Soft Boiled, Avocado Toast

Servings: 1


  • 1 Large Cage Free Egg
  • 2 Slices, Thin Organic 21 Whole Grain Bread
  • 50 g Avocado (approximately 1/2 an avocado)
  • 45g Campari Tomato, sliced (1 small tomato)
  • 2 tbsp Clover Sprouts
  • Pinch of Black Pepper
  • Dash of Garlic Powder
  • Sprinkle of Paprika


  1. Bring a small pot of water to bowl, once the water has reached a rolling boil add the egg. Turn the heat down to a simmer and cover. Cook for 6 minutes, then remove egg from the pot and place in a bowl of ice water to stop the cooking.
  2. While the egg is cooling, toast the slices of bread
  3. While the bread is toasting, cut the avocado in half and remove half from the shell.
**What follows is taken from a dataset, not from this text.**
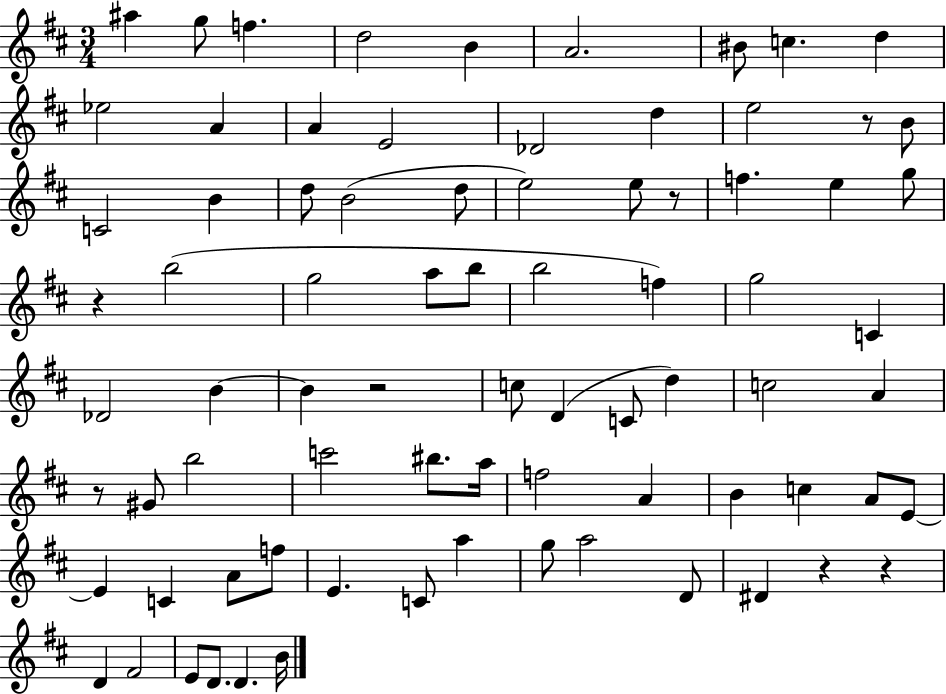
A#5/q G5/e F5/q. D5/h B4/q A4/h. BIS4/e C5/q. D5/q Eb5/h A4/q A4/q E4/h Db4/h D5/q E5/h R/e B4/e C4/h B4/q D5/e B4/h D5/e E5/h E5/e R/e F5/q. E5/q G5/e R/q B5/h G5/h A5/e B5/e B5/h F5/q G5/h C4/q Db4/h B4/q B4/q R/h C5/e D4/q C4/e D5/q C5/h A4/q R/e G#4/e B5/h C6/h BIS5/e. A5/s F5/h A4/q B4/q C5/q A4/e E4/e E4/q C4/q A4/e F5/e E4/q. C4/e A5/q G5/e A5/h D4/e D#4/q R/q R/q D4/q F#4/h E4/e D4/e. D4/q. B4/s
In a small bowl mash half of the avocado with a fork and season with pepper and garlic.
  4. Spread mashed avocado on the toast.
  5. Slice the tomato and arrange on top of your smashed avocado.
  6. Gently crack the boiled egg and remove the shell. Slice the egg in half and put half on each piece of toast. You will want to use a sharp knife and move quickly when separating the egg or you will lose all of your yolk.
  7. Sprinkle with paprika and top with clover sprouts.